Coronavirus: Racing behind closed doors not ruled out by HRI
Three fixtures in France will have admittance restricted to racing professionals
There is growing uncertainty about next week’s Cheltenham festival and whether or not it can go ahead as planned. Photograph: Dan Sheridan/Inpho
Horse Racing Ireland has said the option of running meetings behind closed doors due to the coronavirus threat cannot be ruled out but stressed such a dramatic step is not currently on its agenda.
Uncertainty over the spread of Covid-19 and its potential impact on sporting events has spread to racing in France with three fixtures due to take place behind closed doors there this week.
Two meetings at Compeigne and one in Chantilly will have admittance restricted to racing professionals.
That follows consultations between the French racing authorities and civic officials in the municipality of Compeigne.
On Friday, the French government announced a temporary ban on gatherings of more than 5,000 people due to the spread of coronavirus there.
With cases of the virus also increasing in Britain – including a case in Gloucestershire – there is growing uncertainty about next week’s Cheltenham festival and whether or not it can go ahead as planned.
The British Horseracing Authority have said they are in communication with government officials and that contingency plans exist although they also stressed there is currently no need to develop a policy regarding abandonment of specific fixtures.
However, the French step of restricting social gatherings to less than 5,000 follows the move in Switzerland to limit such crowds to a thousand or less.
Should the British government follow a similar policy it would have huge consequences of Cheltenham, which is expected to attract almost 250,000 people over four days.
Whether adopting a behind closed doors policy is financially sustainable for the owners of Cheltenham, Jockey Club Racecourses, is debatable. They also haven’t commented on insurance implications of any such move.
But any potential rescheduling to April risks a logistical headache in terms of clashes with the Aintree and Punchestown festival in particular.
The first case of the coronavirus in the Republic of Ireland was confirmed on Saturday. The country’s chief medical officer has already said cancellations of mass gatherings are not a significant part of steps to manage the spread of the virus here.
On Sunday Horse Racing Ireland’s chief executive Brian Kavanagh again said he is encouraged by that position and added that any restriction policy on social gatherings similar to the French would have an impact on only a number of fixtures here.

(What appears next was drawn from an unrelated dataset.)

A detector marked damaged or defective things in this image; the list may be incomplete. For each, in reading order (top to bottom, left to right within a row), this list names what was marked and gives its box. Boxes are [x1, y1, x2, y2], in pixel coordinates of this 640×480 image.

“I think the French restriction is to 5,000 or more so from a racing point of view that’s likely to arise as an issue only with Fairyhouse, Punchestown or perhaps the opening of the Curragh at the end of the month. But we’re not in that space at the moment,” he said.
As for a potential future scenario of racing behind closed doors, Kavanagh added: “You would have to do a risk assessment on the situation. Obviously Hong Kong and Japan are right in the centre of this outbreak and have had multiple fatalities and multiple diagnoses.

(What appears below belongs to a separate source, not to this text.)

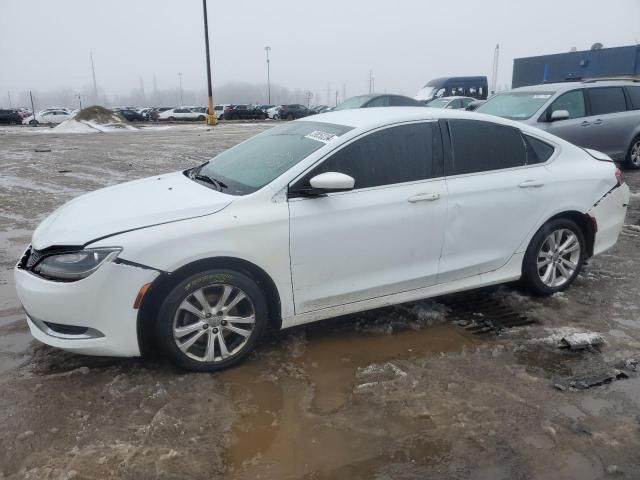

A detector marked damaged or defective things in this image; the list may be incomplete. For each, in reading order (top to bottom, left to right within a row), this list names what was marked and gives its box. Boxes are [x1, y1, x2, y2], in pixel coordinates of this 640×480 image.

damaged front bumper [592, 183, 632, 256]
damaged front bumper [13, 258, 160, 356]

“You would be reluctant to go down that road [racing behind closed doors] unless necessary but it is an option obviously if such things had to be considered.
“It’s not a like for like situation at the moment. It’s not part of our plans but that option is always there.
“It was there for the rugby and lots of other sporting events. Football matches are being played behind closed doors in Italy so that could be considered. But it is not on our agenda at the moment.”
The immediate priority for racing fans is the prospects for next week’s Cheltenham festival.
Up to 15,000 people are expected to travel from Ireland for National Hunt racing’s biggest meeting and Irish trained horses to the forefront of the betting on most of the big races.
Gordon Elliott, the festival’s leading trainer in 2017 and 2018, summed up the feelings of many when he said on Sunday: “I don’t know much about it but I hope we can keep going.”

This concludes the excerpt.